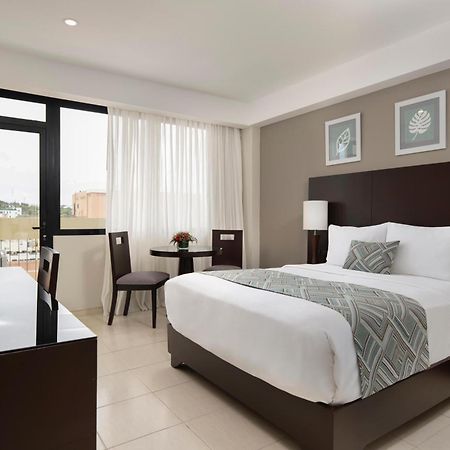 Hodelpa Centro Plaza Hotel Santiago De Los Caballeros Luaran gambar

* * *

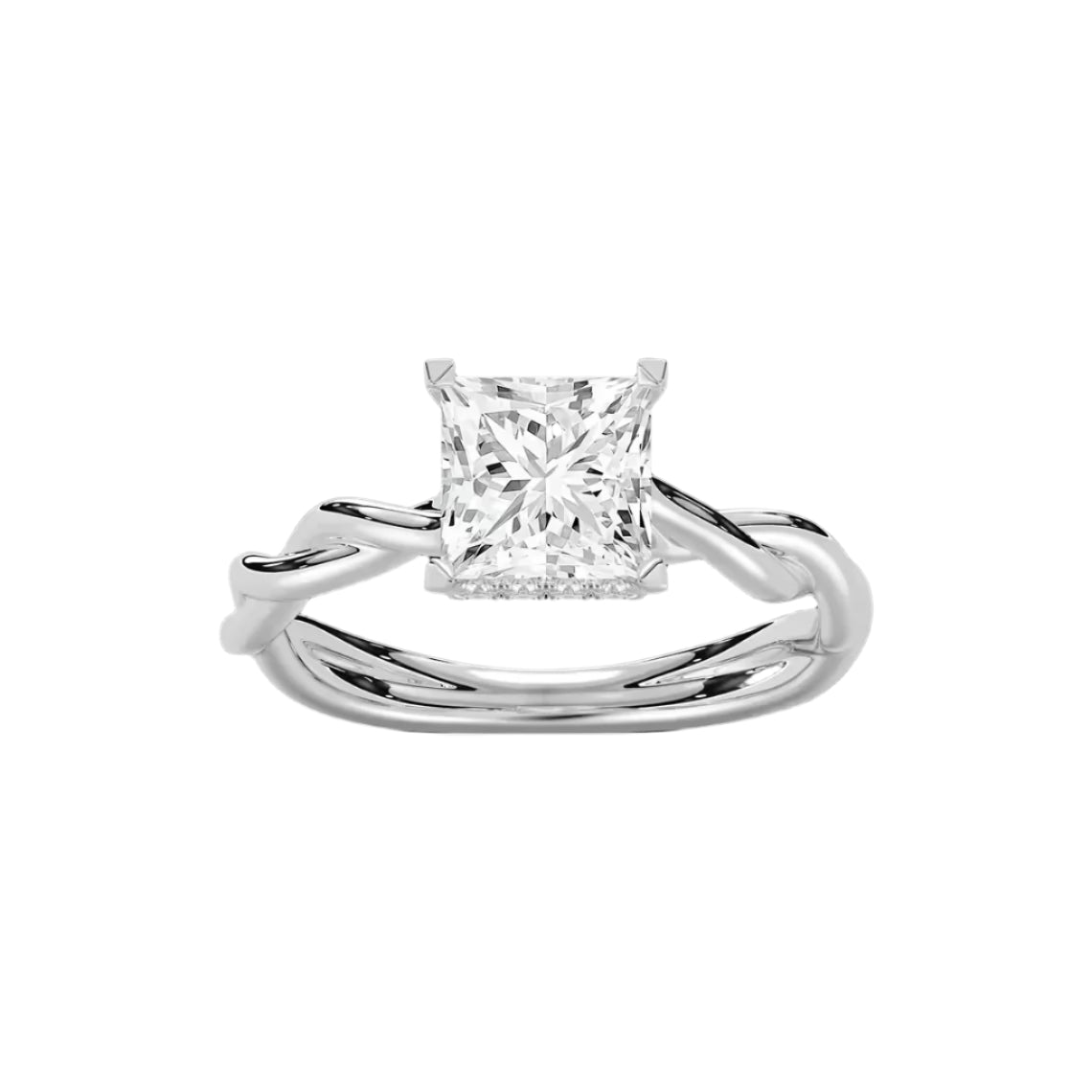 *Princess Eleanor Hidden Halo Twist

==

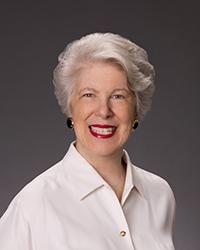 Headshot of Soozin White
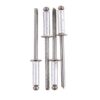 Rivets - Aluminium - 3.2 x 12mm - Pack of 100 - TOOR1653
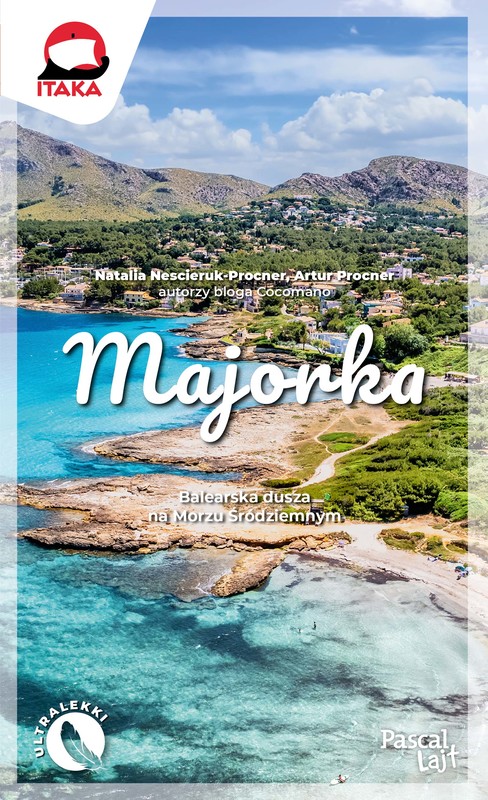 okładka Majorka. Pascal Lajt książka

_TASK DESCRIPTION_
Nothing but the lines from the one with "Headshot of Soozin White" to the one with "okładka Majorka. Pascal Lajt książka" above, both included, should be transcribed, exactly and without pictures.

_TASK RESPONSE_
 Headshot of Soozin White
 Rivets - Aluminium - 3.2 x 12mm - Pack of 100 - TOOR1653
 okładka Majorka. Pascal Lajt książka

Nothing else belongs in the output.